Name Type Description
regex str | None

Regular expression pattern for matching filenames

sub_path Path

Path to search for matching files (default: "./")

date_field str | None

Name of the date field to filter on (for date-based filtering)

date_filter str | None

SQL-style date filter condition (e.g., "> '2020-10-10'")

date_range_start str | None

Start date for range filtering (e.g., "2015-11-11")

date_range_days int | None

Number of days after start date (used with date_range_start)

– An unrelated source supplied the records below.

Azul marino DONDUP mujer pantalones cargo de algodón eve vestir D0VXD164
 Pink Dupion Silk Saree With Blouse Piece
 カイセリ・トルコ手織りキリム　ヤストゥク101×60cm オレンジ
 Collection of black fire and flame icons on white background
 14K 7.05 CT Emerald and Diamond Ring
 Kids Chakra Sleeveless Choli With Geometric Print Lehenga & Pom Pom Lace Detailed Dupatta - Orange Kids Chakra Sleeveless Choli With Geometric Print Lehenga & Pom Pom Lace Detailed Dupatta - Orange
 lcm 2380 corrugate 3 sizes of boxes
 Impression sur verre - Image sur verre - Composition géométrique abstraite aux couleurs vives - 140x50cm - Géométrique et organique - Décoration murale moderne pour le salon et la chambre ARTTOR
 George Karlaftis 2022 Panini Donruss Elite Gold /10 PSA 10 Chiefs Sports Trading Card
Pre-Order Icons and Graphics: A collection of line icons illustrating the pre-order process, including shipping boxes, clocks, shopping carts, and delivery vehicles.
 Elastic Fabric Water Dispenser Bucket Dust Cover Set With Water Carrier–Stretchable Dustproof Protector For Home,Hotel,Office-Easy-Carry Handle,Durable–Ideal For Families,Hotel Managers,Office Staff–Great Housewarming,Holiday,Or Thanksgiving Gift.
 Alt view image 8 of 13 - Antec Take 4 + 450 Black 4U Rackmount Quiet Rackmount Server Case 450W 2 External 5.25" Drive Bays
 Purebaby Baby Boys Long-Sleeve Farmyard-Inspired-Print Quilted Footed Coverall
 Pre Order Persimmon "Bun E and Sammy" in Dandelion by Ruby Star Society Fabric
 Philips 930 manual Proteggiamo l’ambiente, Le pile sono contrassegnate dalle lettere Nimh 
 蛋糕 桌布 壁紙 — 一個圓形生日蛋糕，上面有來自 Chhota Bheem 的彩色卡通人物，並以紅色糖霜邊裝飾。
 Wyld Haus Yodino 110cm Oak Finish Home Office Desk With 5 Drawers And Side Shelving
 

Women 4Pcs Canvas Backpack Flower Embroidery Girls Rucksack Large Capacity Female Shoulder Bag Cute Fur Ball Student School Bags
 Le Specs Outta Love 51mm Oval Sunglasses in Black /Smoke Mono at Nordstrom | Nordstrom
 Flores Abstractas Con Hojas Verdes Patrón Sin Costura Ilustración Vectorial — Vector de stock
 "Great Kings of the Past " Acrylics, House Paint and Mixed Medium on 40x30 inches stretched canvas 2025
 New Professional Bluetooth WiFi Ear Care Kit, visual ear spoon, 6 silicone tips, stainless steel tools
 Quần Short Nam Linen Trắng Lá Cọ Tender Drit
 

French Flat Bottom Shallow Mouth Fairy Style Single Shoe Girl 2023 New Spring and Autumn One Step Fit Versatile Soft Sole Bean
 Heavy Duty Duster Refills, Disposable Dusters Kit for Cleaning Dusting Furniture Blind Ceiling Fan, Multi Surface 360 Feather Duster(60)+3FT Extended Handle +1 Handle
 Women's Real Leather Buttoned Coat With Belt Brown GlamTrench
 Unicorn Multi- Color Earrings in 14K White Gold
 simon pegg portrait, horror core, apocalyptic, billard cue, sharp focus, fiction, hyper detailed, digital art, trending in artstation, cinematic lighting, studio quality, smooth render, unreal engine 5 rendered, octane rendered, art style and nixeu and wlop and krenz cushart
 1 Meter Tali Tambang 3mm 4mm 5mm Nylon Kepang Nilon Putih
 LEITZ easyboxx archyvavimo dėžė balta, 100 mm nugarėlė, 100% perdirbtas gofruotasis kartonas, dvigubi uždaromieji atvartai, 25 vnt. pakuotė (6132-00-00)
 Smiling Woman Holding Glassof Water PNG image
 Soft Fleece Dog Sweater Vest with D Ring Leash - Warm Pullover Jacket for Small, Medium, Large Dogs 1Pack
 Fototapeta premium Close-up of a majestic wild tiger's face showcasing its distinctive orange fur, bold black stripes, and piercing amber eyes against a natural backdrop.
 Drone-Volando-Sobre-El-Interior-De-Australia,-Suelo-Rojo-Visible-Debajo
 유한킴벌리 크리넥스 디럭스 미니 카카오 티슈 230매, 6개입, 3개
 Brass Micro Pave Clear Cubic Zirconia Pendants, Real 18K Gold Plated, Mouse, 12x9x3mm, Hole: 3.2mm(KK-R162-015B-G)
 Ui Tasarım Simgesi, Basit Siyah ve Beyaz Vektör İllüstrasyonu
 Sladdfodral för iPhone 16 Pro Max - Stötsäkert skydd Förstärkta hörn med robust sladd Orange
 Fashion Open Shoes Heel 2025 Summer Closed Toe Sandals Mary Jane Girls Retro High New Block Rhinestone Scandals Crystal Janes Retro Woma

Source code in graflo/util/onto.py
class FilePattern(ResourcePattern):
    """Pattern for matching files.

    Attributes:
        regex: Regular expression pattern for matching filenames
        sub_path: Path to search for matching files (default: "./")
        date_field: Name of the date field to filter on (for date-based filtering)
        date_filter: SQL-style date filter condition (e.g., "> '2020-10-10'")
        date_range_start: Start date for range filtering (e.g., "2015-11-11")
        date_range_days: Number of days after start date (used with date_range_start)
    """

    regex: str | None = None
    sub_path: pathlib.Path = Field(default_factory=lambda: pathlib.Path("./"))
    date_field: str | None = None
    date_filter: str | None = None
    date_range_start: str | None = None
    date_range_days: int | None = None

    @model_validator(mode="after")
    def _validate_file_pattern(self) -> Self:
        """Ensure sub_path is a Path and validate date filtering parameters."""
        if not isinstance(self.sub_path, pathlib.Path):
            object.__setattr__(self, "sub_path", pathlib.Path(self.sub_path))
        if (self.date_filter or self.date_range_start) and not self.date_field:
            raise ValueError(
                "date_field is required when using date_filter or date_range_start"
            )
        if self.date_range_days is not None and not self.date_range_start:
            raise ValueError("date_range_start is required when using date_range_days")
        return self

    def matches(self, resource_identifier: str) -> bool:
        """Check if pattern matches a filename.

        Args:
            resource_identifier: Filename to match

        Returns:
            bool: True if pattern matches
        """
        if self.regex is None:
            return False
        return bool(re.match(self.regex, resource_identifier))

    def get_resource_type(self) -> ResourceType:
        """Get resource type.

        FilePattern always represents a FILE resource type.
        The specific file format (CSV, JSON, JSONL, Parquet, etc.) is
        automatically detected by the loader based on file extensions.
        """
        return ResourceType.FILE

get_resource_type()

Get resource type.

FilePattern always represents a FILE resource type. The specific file format (CSV, JSON, JSONL, Parquet, etc.) is automatically detected by the loader based on file extensions.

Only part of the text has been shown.